▶ [Exercise instructions]: Excluding pictures, transcribe precisely the lines from the one containing "Toyota Corolla 2014" to the final line of the listing below, inclusive, and nothing more.

▶ [Data block]:
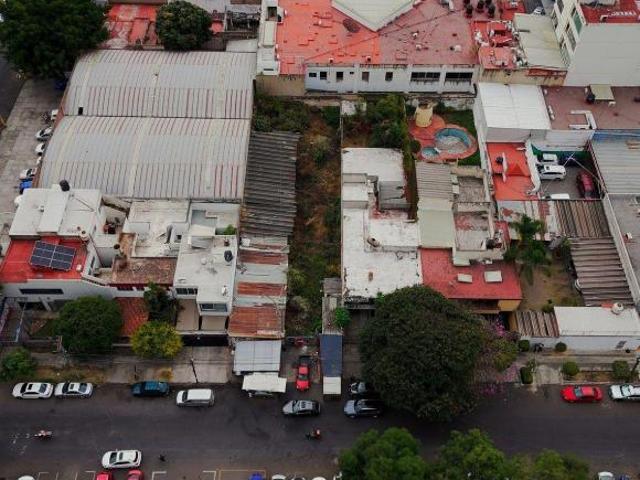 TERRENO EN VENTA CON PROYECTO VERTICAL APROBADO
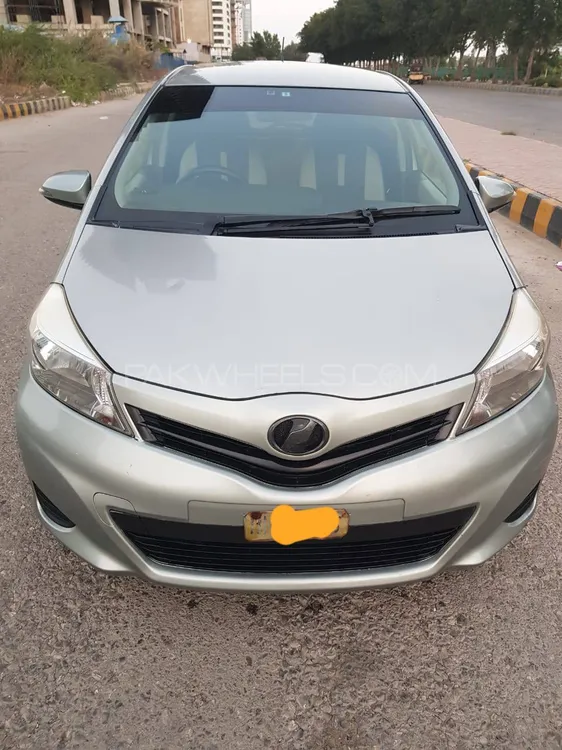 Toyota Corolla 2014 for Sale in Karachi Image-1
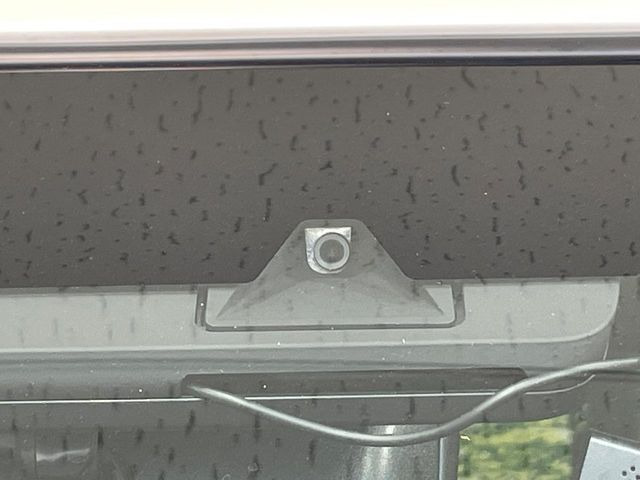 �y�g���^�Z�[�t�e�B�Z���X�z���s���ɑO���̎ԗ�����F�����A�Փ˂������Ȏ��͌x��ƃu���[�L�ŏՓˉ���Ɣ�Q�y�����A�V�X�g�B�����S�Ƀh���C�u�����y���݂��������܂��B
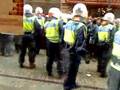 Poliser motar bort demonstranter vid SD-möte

▶ [Answer to the problem]:
 Toyota Corolla 2014 for Sale in Karachi Image-1
 �y�g���^�Z�[�t�e�B�Z���X�z���s���ɑO���̎ԗ�����F�����A�Փ˂������Ȏ��͌x��ƃu���[�L�ŏՓˉ���Ɣ�Q�y�����A�V�X�g�B�����S�Ƀh���C�u�����y���݂��������܂��B
 Poliser motar bort demonstranter vid SD-möte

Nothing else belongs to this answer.